In an effort to promote literacy, students in western New York state tried last week to break the Guinness world record for the largest number of people in different locations reading out loud simultaneously.
The Buffalo News, through its Newspapers in Education department, initiated the challenge, in part to familiarize children with newspapers.
At 9:30 a.m. on Oct. 13, students in more than 500 schools in and around Buffalo all read a poem by the late Shel Silverstein called “Hug O’ War” that was printed in the newspaper.
“We chose this poem because it is easy to read, it has a good message, and because of the beloved author,” said Cindy Sterner, the manager of educational services at The Buffalo News.
When the organizers signed up to try to break a record on the Web site of Guinness World Records Ltd., the English company that maintains and sponsors such records, they were told they would have to break the record set by 3,700 British students in 2000.
However, the situation became more complicated last month, as the read-along date neared, when organizers learned that 11,927 students in 16 schools in Hong Kong had already broken the new record.

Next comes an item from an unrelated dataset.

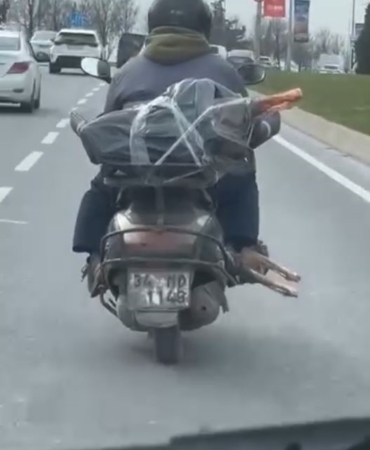 motorcu-ayaginin-altinda-et-tasidi-jk731WXY.jpg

Even though 90,000 Buffalo-area students were assembled from 300 schools a week before the contest, Guinness World Records informed the organizers that yet another record had been verified. On March 19, 155,528 British students from 737 schools read a poem simultaneously and aloud.
“Being from Buffalo, we are not giving up,” Ms. Sterner said early last week.
A couple of days before the contest, organizers were trying to reach more schools in order to assemble 160,000 students, with the help of a local radio station.
Students were excited about the opportunity, Ms. Sterner said. “We wanted to do something fun, so the kids would enjoy reading.”
This week, Ms. Sterner expects to find out whether the effort indeed set a new world record.